NEW YORK (CNNMoney) -- Corporate America is nervous about the nation's debt problems, and one chief executive warned that the deficit debate in Washington could destabilize the shaky U.S. economy.
In an interview with Bloomberg's Chicago bureau, Allen suggested that forecasts for economic growth in the range of 3% to 4% for 2011 may be overly optimistic.
One of the main risks to economic growth, he said, is the uncertainty surrounding the nation's debt. "From a long-term standpoint, the debt is a tremendous issue," Allen told the news service Wednesday.
Allen said the "dialogue and discourse" about America's debt can have "a near-term shock implication on the economy" that is potentially larger than others have estimated.
"Sometimes people in Washington lose sight of how much the rest of us go into paralysis when you don't know what's going to happen or both sides start so far apart," Allen said in the Bloomberg interview
The comments came amid an increasingly noisy debate in Washington over how to bring down the nation's long-term deficits, which many economists and policymakers say are unsustainable.
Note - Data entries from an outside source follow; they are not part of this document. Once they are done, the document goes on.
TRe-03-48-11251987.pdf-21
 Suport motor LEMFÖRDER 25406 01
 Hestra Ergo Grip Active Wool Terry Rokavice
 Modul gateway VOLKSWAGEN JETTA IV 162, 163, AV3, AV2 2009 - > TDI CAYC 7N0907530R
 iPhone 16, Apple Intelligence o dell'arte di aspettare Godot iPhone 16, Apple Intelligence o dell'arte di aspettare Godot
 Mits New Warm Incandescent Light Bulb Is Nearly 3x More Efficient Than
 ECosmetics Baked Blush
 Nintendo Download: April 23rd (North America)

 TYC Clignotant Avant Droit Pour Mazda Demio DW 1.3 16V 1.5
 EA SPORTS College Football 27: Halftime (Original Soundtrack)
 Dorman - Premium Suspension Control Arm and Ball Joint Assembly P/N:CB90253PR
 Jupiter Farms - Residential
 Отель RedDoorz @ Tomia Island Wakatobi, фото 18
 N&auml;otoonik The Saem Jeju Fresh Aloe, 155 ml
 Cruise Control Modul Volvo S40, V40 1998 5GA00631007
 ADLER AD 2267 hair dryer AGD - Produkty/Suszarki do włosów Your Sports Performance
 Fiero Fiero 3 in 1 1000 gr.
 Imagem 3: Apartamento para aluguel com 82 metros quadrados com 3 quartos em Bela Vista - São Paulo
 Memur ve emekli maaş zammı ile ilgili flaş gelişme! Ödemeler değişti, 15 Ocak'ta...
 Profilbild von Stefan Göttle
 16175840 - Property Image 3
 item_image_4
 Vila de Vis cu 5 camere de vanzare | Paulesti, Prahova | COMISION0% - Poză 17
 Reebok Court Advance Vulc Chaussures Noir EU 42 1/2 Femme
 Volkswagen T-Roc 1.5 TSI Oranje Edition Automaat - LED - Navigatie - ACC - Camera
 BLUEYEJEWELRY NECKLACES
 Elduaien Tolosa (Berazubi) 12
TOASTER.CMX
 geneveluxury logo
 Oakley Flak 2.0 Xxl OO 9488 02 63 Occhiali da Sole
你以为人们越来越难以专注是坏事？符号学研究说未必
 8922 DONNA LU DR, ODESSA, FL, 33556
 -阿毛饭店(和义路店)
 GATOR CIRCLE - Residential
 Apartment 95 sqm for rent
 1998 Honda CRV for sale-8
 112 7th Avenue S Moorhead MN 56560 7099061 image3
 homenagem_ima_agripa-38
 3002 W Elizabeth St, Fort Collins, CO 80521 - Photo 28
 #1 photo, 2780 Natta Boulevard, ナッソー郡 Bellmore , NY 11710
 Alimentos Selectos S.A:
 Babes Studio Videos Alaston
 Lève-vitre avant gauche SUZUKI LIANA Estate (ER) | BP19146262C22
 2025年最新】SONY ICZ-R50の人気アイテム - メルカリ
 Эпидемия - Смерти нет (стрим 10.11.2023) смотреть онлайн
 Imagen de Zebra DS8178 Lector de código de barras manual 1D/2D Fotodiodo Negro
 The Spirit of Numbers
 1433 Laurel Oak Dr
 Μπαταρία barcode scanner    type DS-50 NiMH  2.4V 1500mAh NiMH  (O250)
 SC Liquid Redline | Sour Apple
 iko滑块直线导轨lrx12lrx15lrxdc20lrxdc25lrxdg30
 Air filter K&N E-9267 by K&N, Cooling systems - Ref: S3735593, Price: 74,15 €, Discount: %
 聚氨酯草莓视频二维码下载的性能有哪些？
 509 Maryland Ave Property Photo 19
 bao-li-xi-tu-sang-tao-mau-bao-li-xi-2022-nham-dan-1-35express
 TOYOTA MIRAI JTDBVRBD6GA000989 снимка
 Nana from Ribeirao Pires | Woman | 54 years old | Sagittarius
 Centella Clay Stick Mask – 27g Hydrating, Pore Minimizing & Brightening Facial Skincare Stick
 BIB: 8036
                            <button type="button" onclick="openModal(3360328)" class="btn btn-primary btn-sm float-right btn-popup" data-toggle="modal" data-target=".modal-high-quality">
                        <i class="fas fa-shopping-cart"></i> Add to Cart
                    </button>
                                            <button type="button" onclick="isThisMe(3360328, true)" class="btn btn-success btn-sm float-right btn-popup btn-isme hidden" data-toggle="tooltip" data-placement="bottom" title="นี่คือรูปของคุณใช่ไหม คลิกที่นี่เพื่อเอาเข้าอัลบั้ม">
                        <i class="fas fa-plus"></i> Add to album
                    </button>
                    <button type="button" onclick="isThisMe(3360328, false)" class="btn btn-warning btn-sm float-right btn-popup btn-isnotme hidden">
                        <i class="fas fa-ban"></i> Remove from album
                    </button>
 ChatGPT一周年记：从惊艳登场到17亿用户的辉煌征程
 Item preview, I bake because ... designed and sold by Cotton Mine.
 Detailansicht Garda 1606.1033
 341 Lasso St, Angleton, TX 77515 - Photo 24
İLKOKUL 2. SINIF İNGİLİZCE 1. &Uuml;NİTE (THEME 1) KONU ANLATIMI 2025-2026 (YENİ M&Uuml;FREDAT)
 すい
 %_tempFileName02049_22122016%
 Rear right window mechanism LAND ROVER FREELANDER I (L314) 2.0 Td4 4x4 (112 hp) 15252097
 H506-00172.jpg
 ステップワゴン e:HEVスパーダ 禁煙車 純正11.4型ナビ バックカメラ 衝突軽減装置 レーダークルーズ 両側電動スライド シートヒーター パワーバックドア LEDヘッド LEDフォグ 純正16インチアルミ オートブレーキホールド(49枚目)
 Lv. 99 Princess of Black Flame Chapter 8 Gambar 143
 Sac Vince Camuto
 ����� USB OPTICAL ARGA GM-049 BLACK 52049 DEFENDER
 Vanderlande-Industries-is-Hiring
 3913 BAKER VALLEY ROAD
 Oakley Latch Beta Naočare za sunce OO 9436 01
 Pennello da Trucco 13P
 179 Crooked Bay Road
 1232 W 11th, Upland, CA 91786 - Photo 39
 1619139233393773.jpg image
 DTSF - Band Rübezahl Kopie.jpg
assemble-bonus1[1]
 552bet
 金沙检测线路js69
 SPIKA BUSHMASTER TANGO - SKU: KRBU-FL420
In a sign of what's at stake, Standard & Poor's said Monday that there is a one-in-three chance the United States could lose its pristine AAA credit rating if the government fails to come up with a credible deficit-reduction plan within two years.
That would make it much harder for the U.S. government to borrow the money it needs to fund its activities and further undermine the nation's currency.
Congress is expected to take up the issue when lawmakers return from recess next month. Obama has put Vice President Joseph Biden in charge of overseeing the effort, with the goal of producing a legislative framework by the end of June.
But Allen and other business leaders are not convinced that policymakers will see eye-to-eye on key issues of spending cuts and tax hikes. As a result, they are bracing for a period of uncertainty.
Given the lack of clarity on the nation's fiscal future, "we may have to cut back from record levels of capital expenditures if all of a sudden the economy goes south," he added.
Meanwhile, many economists believe the two deficit-reduction plans currently on the table are flawed.
In an exclusive CNNMoney survey, eight out of 18 economists polled this month said that neither the Obama nor the Ryan plan is in the best interest of the nation's economy.